* ASSIGNMENT: Could you give back exactly the lines below from the one with "2025 Porsche Panamera" through the one with "Ring in silver", without a single picture?

* PROVIDED RECORDS:

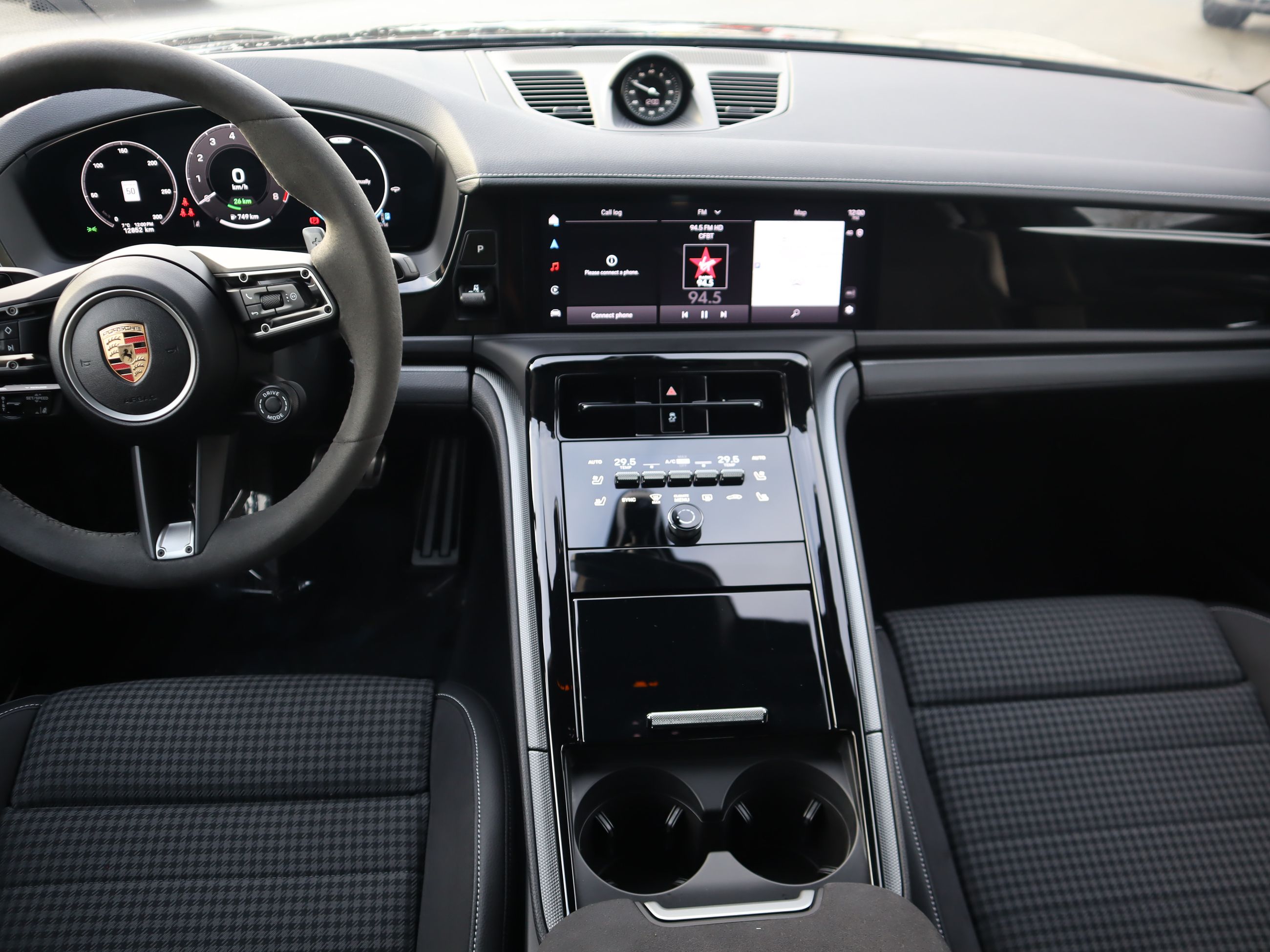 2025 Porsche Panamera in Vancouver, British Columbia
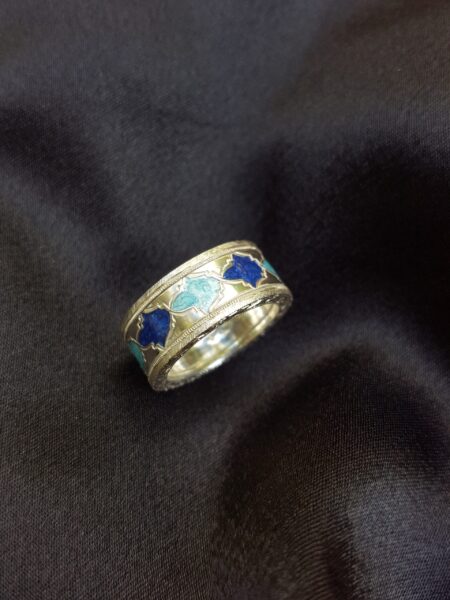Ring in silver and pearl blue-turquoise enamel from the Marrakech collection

==

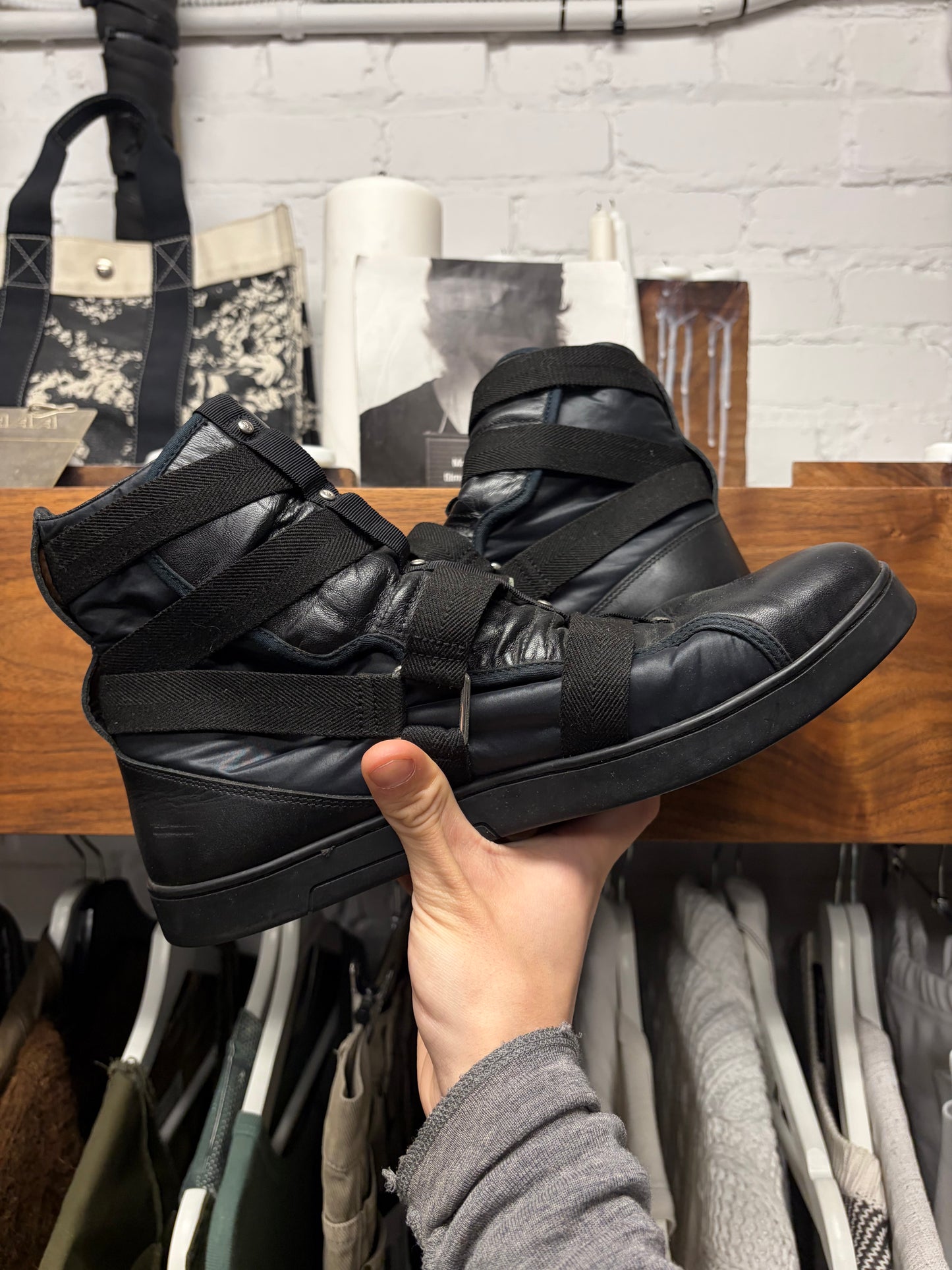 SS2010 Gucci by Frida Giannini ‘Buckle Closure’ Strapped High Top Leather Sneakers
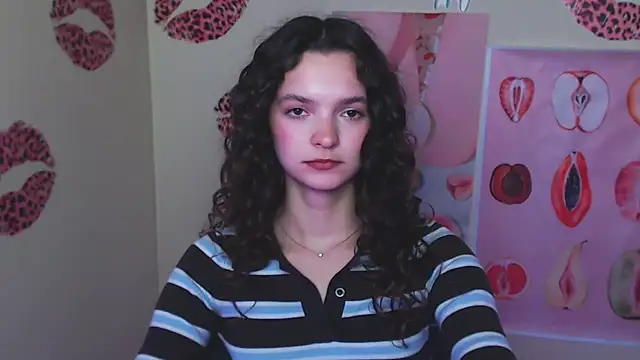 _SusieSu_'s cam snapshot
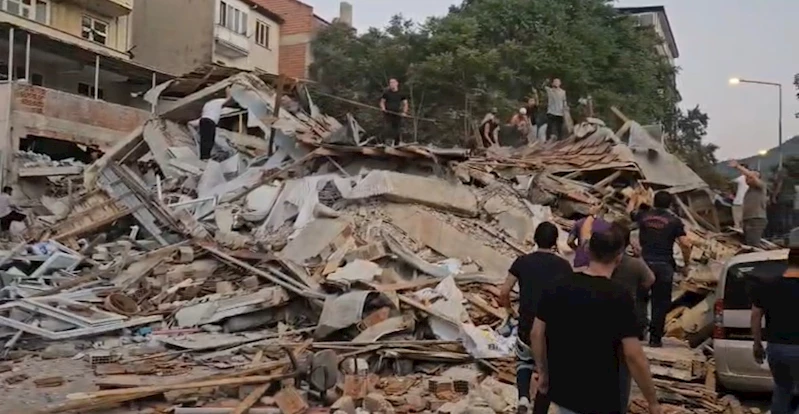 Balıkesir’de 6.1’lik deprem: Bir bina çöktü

* FINISHED TASK:
 2025 Porsche Panamera in Vancouver, British Columbia
Ring in silver and pearl blue-turquoise enamel from the Marrakech collection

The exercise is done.